The ceremony was held under the patronage of H H Sayyid Shihab bin Tariq bin Taimour al Said, advisor to His Majesty Sultan Qaboos bin Said, in the presence of Dr Tedros Adhanom Ghebreyesus, director general of the World Health Organization (WHO) and H E Dr Ahmed bin Mohammed bin Obaid al Saeedi, Minister of Health along with a number of their highnesses and excellencies.
The national plan aims at reducing the premature deaths resulting from NCDs by 25 per cent by 2025, and has eight chapters addressing various aspects of prevention and control.
It focuses on combating four main diseases: cardiovascular diseases, cancer, respiratory diseases and diabetes. In addition, the plan addresses the main risk factors including lack of physical activity, unhealthy diet and smoking, as well focusing on the awareness and media aspects. All relevant sectors were involved in developing this plan, which was revised by the WHO team and has been translated into English.
Addressing the gathering, H E Dr Saeedi said that the launch is a result of the collective work which lasted for nearly two years involving all health relevant sectors and a number of national and international partners. It has resulted in a national policy to address the priorities and challenges of the health system in the sultanate.
H E Dr Saeedi added that NCDs are the real risk and one of the biggest challenges to development in the 21st century. They represent the major cause of morbidity and mortality global wise.
According to WHO, these diseases kill 38mn people annually; half of them are under the age of 70.

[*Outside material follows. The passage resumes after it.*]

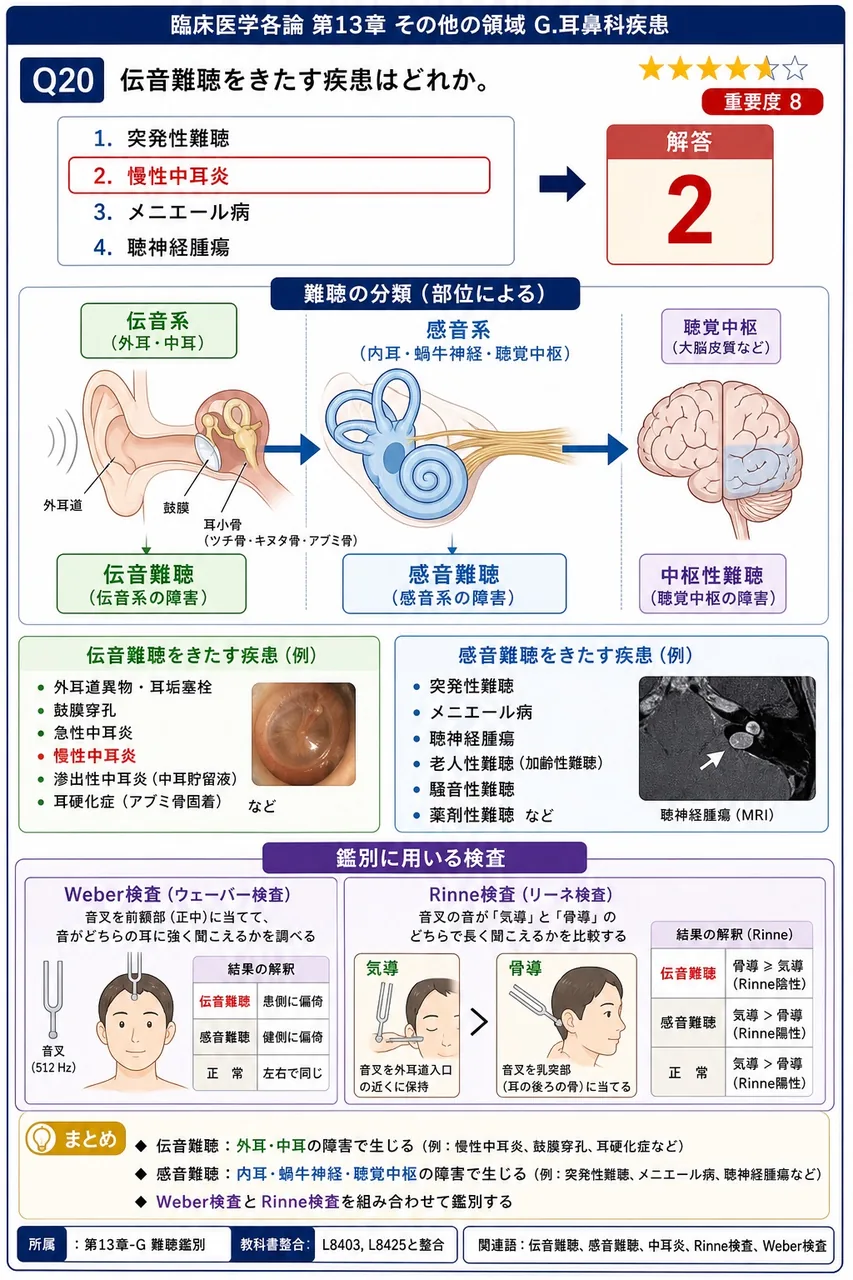 伝音難聴をきたす疾患はどれか。 解説図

In the sultanate, 72.9 per cent of deaths are approximately attributed to NCDs, of which 24.3 per cent are due to cardiovascular diseases and hypertension, seven per cent due to cancers, and 2.2 per cent due to diabetes, according to statistics in 2016.
He said that the ministry is strengthening the participation of all related sectors in accordance with the recommendations of the Council of Ministers.
In this regard, a Ministerial Decision was issued in 2015 on the formulation of a National Committee for Non-Communicable Diseases headed by the MoH Undersecretary for Planning Affairs.
At the event, Dr Ghebreyesus said that Oman has witnessed a dramatic transition in the burden of disease.
“NCDs are now the leading cause of premature mortality in this country. More than half of all Omanis are now overweight or obese. One in four Omani adults have high blood pressure,” he said.
“The prevalence of diabetes has increased by almost 50 per cent since 1991. This is not only devastating from a human point of view, it also has a devastating economic impact, both in terms of the costs of treating people with long-term illnesses, and in terms of lost productivity.”